Connor shook his head. “He could have secreted himself in a gap in the floorboards, or anything.”
“But he didn't,” the old man pointed out.
“Let me get this straight,” Connor paced across the office, hands clasped behind his back like he was about to make a deal-making presentation, or solve a crime like Sherlock Holmes. “You seriously want to use Rex to kill other pests. A cockroach. That you've named. Like a pet.”
“He's evidently very tame…” Burt shrugged, tired of his young colleague's impertinence. “Plus, we wouldn't have to worry about him escaping an' mating with other cockroaches, because he ain't got no genitalia.”
“He – what?”
“I examined him when I brought him back, and apparently he – it – is sexless.”
“But...surely that's impossible? How does he reproduce?”
Burt shrugged again. “If you think about it for a moment, Connor, it makes perfect sense. Where did I find him?”
“Kelson's house.”
“
And what was Kelson?”
“Er...eccentric?”
“Apart from that.”
“A scientist?”
“That's right!” Burt stabbed the air with a chewed nail. “No-one knows exactly what sorta scientist he was, though.”
“Someone told me he liked to experiment on bums and junkies.”
“Pah! I don't quite believe that, but I do believe a few the other stories I heard 'bout him.”
“Stories?”
“When he died, David Kelson left no Will. He left no Will because he had no family. Hell, they couldn't even find his body. The State tried to find someone, anyone, to take his junk off their hands, but with no success. So they sold his house, and everything in it, at an auction.

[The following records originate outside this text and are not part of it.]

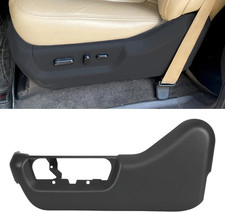 Front Left Driver Seat Trim Panel Cover Bezel Compatible with Ford F-250 F-350 F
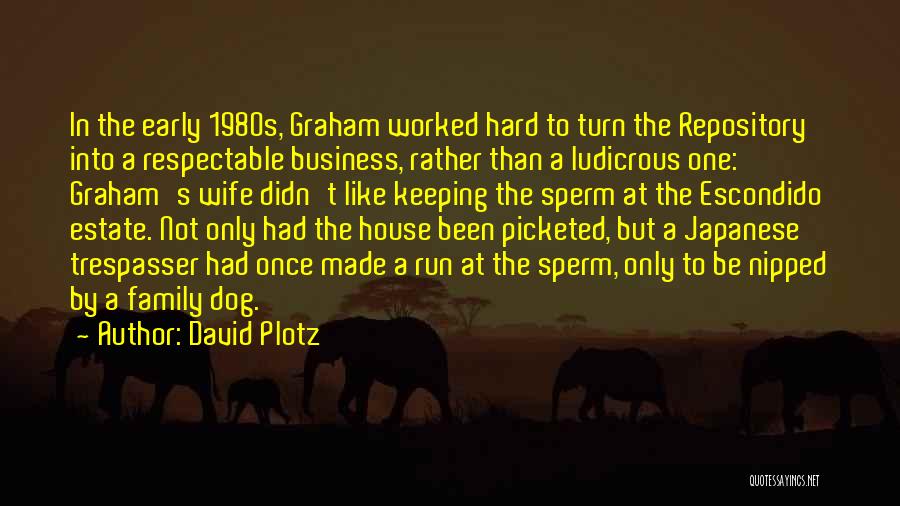 A Family Business Quotes By David Plotz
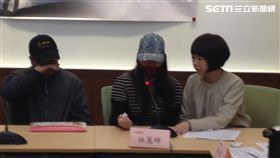 國民黨立委林麗蟬呼籲先恢復母國國籍,再取消台灣國籍,避免製造國際人球(圖/記者李英婷攝)
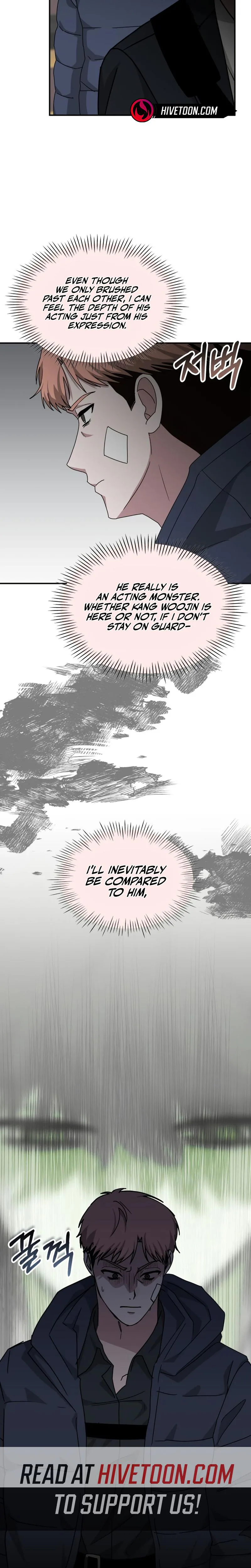 I Was Immediately Mistaken for a Monster Genius Actor Chapter 92 - Page 18 in English
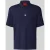 HUGO Relaxed fit poloshirt van viscosemix, model ‘DALLOVO’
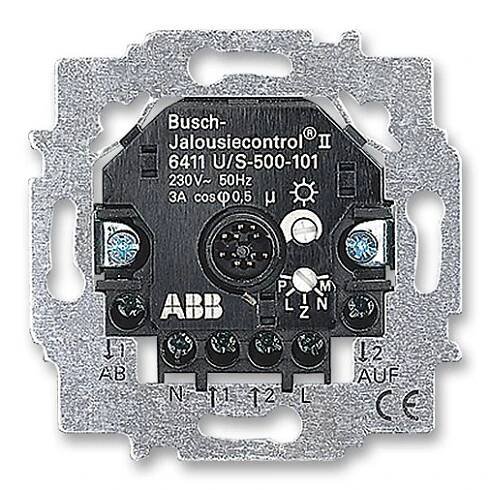2CKA006410A0380 Přístroj spínače žaluz. Busch-Jalousiecontrol II, ABB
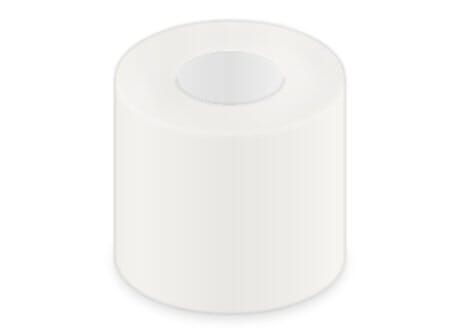 Distanzhülsen 15,5x7,3x24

“It was bought by Mary Renmar. She owns most of the buildings in town, and saw the Kelson place as prime redevelopment space. 'I can turn that place into luxury apartments,' she told me, 'but I need someone to clean the place out first'. Thing is, in the time between Kelson allegedly poppin' his clogs, and Mary gettin' hold of the place, a year had passed. And from what I heard, some of his experiments were still going on when the removal men went inside to start shifting furniture and the like.”
“What do you mean?”
“Well...” Burt leant in close and adopted a conspiratorial tone, “I've gotta couple pals who work in the town's Sanitation Department, and they were involved in clearing some of the place out. They told me there were all these vines growing on the walls, 'cept when the workers cut them away they bled, Connor. They bled. An' they found tanks and cages in the cellar, full of weird-looking...things. All dead, mind you. Some had rotted right up but others kinda mummified in the dryness of that place, from what I heard.